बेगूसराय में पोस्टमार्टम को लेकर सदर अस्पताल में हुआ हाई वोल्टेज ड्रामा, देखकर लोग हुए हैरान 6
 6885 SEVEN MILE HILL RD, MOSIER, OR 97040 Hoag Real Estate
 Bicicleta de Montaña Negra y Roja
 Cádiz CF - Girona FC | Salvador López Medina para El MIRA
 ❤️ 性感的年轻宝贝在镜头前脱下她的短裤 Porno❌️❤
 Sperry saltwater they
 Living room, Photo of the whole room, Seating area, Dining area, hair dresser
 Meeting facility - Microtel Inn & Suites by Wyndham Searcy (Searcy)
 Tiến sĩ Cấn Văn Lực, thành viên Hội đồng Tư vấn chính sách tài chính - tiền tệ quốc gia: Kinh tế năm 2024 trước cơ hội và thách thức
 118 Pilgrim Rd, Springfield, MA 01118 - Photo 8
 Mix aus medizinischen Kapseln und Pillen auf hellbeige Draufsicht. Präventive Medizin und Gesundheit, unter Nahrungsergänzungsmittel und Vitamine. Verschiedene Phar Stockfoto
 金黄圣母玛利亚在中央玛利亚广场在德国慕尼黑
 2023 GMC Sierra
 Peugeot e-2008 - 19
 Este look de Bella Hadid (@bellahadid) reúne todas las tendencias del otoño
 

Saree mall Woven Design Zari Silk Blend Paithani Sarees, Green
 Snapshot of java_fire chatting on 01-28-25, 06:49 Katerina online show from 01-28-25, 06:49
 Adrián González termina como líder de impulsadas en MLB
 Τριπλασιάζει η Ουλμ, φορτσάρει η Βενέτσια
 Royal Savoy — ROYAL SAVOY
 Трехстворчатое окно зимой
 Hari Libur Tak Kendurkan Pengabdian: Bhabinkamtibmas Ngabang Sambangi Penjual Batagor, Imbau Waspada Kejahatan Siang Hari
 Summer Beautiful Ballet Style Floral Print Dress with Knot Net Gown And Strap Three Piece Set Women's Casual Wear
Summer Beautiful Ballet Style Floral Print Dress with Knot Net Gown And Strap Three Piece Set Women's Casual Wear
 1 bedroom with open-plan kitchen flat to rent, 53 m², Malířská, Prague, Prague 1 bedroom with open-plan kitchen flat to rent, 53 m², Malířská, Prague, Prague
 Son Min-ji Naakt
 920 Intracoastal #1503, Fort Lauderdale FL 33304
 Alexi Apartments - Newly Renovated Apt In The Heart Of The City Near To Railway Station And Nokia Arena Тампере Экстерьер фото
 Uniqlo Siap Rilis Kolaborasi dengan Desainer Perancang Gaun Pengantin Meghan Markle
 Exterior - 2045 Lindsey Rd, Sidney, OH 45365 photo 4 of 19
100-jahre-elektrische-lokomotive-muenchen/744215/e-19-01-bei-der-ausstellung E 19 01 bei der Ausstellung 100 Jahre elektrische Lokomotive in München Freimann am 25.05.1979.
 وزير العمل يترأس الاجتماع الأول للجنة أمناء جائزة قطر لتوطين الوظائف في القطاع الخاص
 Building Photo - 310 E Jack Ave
-------
● **Your assignment**:
Look above for the line containing "Tiến sĩ Cấn". Output from there through the line containing "Este look de", exactly and inclusively.

● **Response**:
 Tiến sĩ Cấn Văn Lực, thành viên Hội đồng Tư vấn chính sách tài chính - tiền tệ quốc gia: Kinh tế năm 2024 trước cơ hội và thách thức
 118 Pilgrim Rd, Springfield, MA 01118 - Photo 8
 Mix aus medizinischen Kapseln und Pillen auf hellbeige Draufsicht. Präventive Medizin und Gesundheit, unter Nahrungsergänzungsmittel und Vitamine. Verschiedene Phar Stockfoto
 金黄圣母玛利亚在中央玛利亚广场在德国慕尼黑
 2023 GMC Sierra
 Peugeot e-2008 - 19
 Este look de Bella Hadid (@bellahadid) reúne todas las tendencias del otoño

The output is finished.